:: Assigned task ::
Every line from the one bearing "شقة - غرفة نوم" through the last line of the records below is to be output exactly, and no other line; leave out the pictures.
++++ Data shown
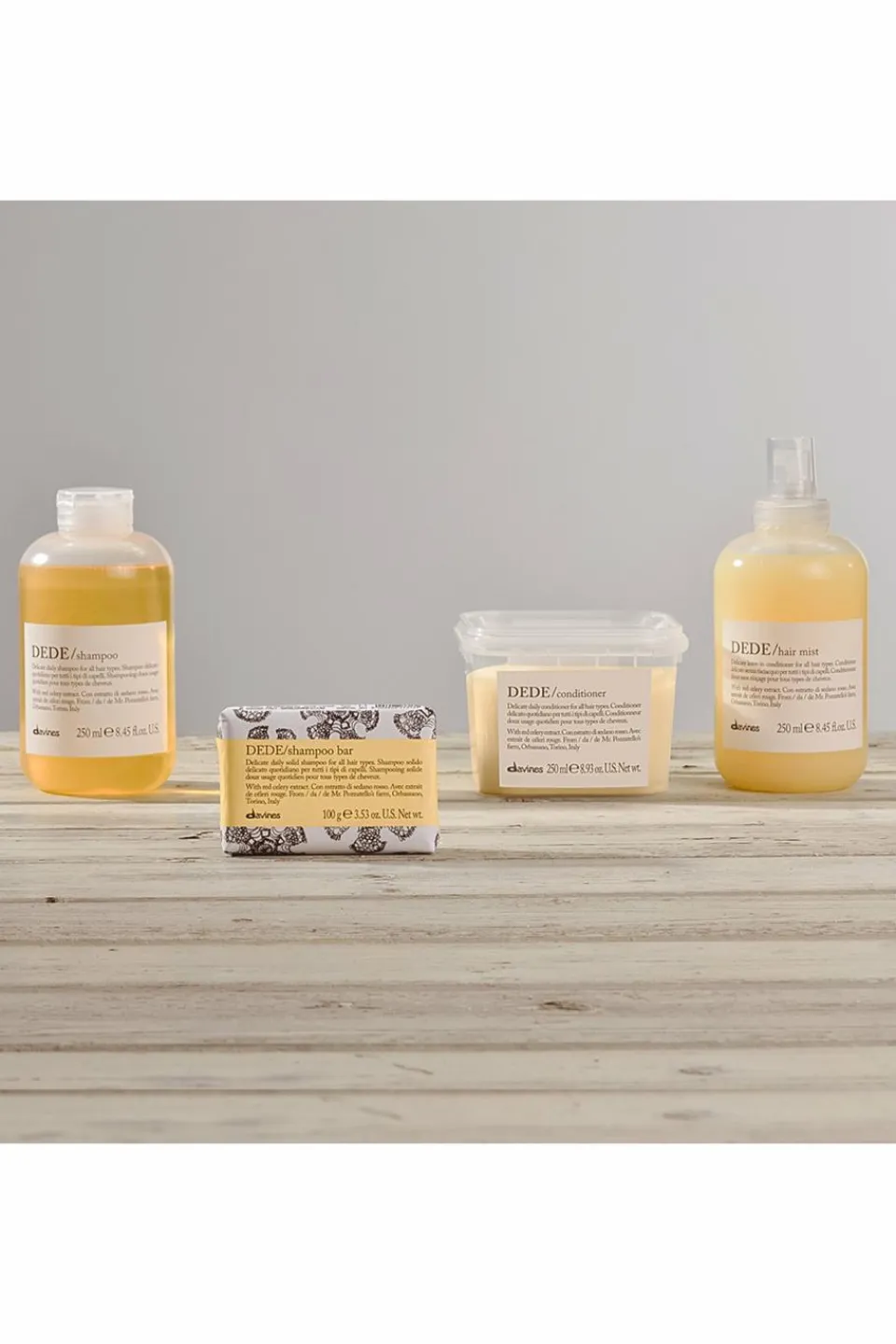 Discount Davines Shampoing solide doux Dede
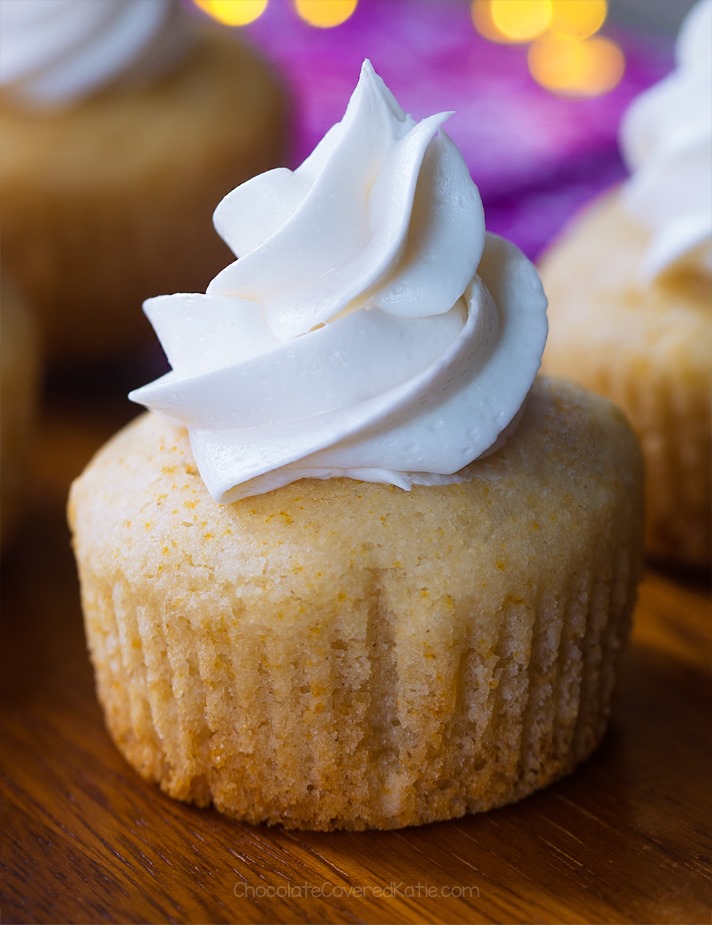 Vegan Vanilla Cupcakes Vegan Vanilla Cupcakes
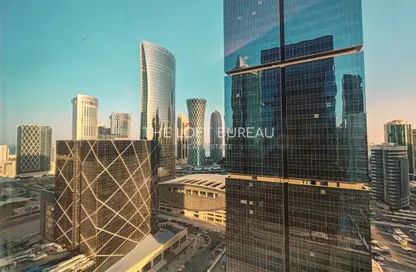 شقة - غرفة نوم - 2 حمامات للايجار في ٣٥ ويست باي - الخليج الغربي - الدوحة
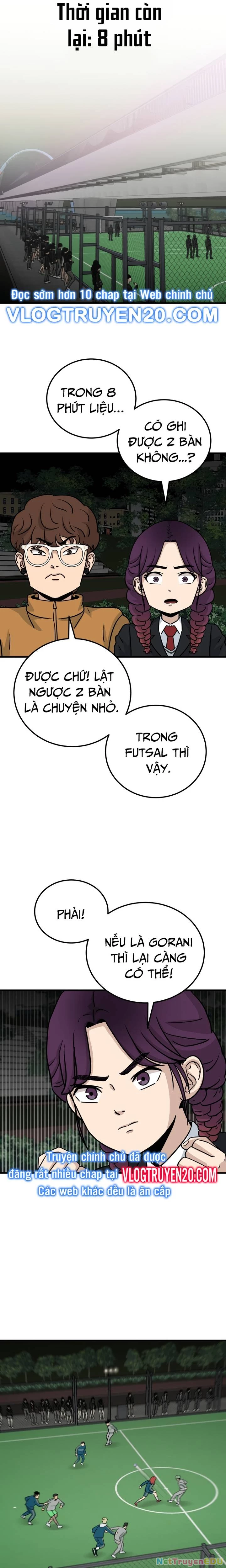 Thủ Môn Chapter 8 - 4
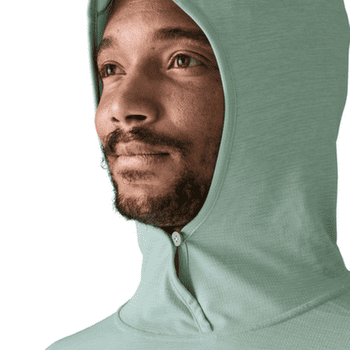 Koszulka z długim rękawem Patagonia Cap Cool Sun Hoody Men Thermal Blue - Thin Ice X-Dye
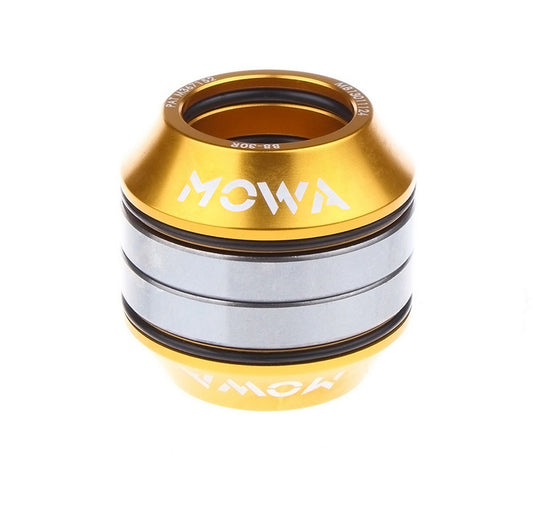 MOWA Road MTB Bicycle BB30 Bottom Bracket to Shimano 24mm BB Adapter Gold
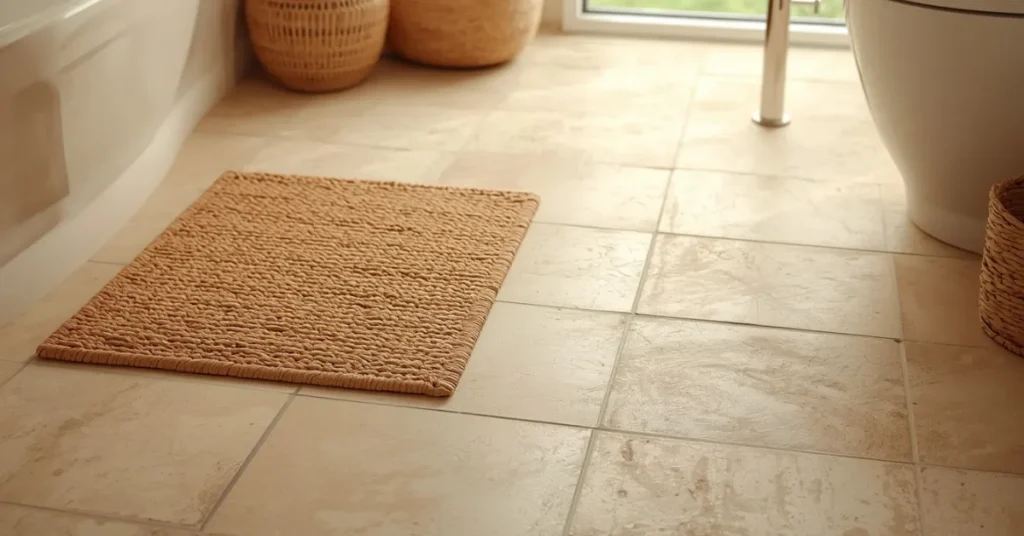 Soft Beige Tile for a Timeless Base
++++++++
:: Exercise response ::
 شقة - غرفة نوم - 2 حمامات للايجار في ٣٥ ويست باي - الخليج الغربي - الدوحة
 Thủ Môn Chapter 8 - 4
 Koszulka z długim rękawem Patagonia Cap Cool Sun Hoody Men Thermal Blue - Thin Ice X-Dye
 MOWA Road MTB Bicycle BB30 Bottom Bracket to Shimano 24mm BB Adapter Gold
 Soft Beige Tile for a Timeless Base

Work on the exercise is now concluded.